Cook1 hr 30 mins
An adaptation of a recipe that first appeared in the San Francisco Chronicle. I've fiddled both with the marinade and the wonderful syrupy sauce. The combination of rosemary, citrus and pork is classic and brought to new levels with the use of Meyer lemons. You could try this with more common varieties of lemon but you will miss the sweet and orange-y flavor of this particular fruit. Do remember to tie the roast before cooking as the tightness helps to retain the moisture and tenderness of the pork. As a side, I would suggest roasting some Yukon potatoes along with the pork. (See picture.) Since they absorb some of the sauce make some extra.
- Carefully cut any strings tying the roast and unroll or (depending how its cut) separate/butterfly into halves. Slash the meat at intervals and rub liberally with rosemary and minced garlic. Place in a nonreactive container or resealable plastic bag big enough for the meat to lie flat. Pour the wine over the meat and sprinkle with the remaining rosemary. Let marinate for at least 90 minutes, turning several times.
- Preheat oven to 450°F.
- Remove the meat from the marinade, pat very dry (the bits of rosemary and garlic on the meat are fine.
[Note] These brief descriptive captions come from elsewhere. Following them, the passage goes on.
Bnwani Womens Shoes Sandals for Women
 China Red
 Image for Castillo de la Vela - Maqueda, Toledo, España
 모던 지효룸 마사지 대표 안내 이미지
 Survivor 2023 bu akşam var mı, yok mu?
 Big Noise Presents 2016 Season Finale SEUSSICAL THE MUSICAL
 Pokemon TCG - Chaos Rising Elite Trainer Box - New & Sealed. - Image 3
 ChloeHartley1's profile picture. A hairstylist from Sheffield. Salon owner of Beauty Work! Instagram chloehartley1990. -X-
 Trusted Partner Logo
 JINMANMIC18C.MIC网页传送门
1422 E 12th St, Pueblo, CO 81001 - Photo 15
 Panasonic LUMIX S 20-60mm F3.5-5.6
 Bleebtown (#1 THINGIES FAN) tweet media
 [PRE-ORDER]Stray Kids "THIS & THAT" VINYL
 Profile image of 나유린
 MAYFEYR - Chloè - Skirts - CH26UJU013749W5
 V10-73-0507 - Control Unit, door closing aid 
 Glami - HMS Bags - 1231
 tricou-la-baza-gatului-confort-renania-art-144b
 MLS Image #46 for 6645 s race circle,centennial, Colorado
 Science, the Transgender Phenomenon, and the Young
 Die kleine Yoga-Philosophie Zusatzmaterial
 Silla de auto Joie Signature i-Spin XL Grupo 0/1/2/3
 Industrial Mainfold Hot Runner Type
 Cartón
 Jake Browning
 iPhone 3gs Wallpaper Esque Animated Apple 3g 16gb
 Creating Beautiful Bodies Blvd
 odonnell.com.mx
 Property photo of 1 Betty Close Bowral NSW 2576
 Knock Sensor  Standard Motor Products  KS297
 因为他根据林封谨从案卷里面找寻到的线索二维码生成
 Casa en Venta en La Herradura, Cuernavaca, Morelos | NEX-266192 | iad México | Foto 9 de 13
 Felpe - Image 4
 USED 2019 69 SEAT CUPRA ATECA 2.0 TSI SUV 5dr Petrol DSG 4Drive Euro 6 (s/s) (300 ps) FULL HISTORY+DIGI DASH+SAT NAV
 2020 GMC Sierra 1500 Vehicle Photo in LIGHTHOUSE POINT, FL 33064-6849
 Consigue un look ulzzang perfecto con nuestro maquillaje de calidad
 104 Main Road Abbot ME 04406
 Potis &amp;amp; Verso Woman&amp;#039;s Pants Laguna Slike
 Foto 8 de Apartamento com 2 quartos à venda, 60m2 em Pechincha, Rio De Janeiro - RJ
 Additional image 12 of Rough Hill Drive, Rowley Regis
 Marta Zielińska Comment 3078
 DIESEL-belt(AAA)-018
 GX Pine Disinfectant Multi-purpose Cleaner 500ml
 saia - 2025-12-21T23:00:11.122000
Reassemble into the original roll shape and tie using butchers' twine.
- Place the meat in a roasting pan and roast for 15 minutes.
- Reduce oven temperature to 350°F and roast for 30 minutes. Baste the meat with any juices that accumulate in the pan, and roast for 15 minutes more.
- Meanwhile, combine the sugar, half cup lemon juice and the Cointreau. Stir to dissolve the sugar.
- Discard any fat in the roasting pan, then spoon the lemon mixture over the meat. Roast for 30 minutes longer, basting the meat with the glaze every 5 to 10 minutes. The glaze will become thick and the roast a glossy brown.
- Transfer the roast to a cutting board, reserving accumulated pan juices. Let the meat set on a plate for 10 minutes before carving.
- Add remaining 2 tablespoons lemon juice to the reserved pan juices along with any juices released by the roast. Pour into a sauceboat and pass at the table.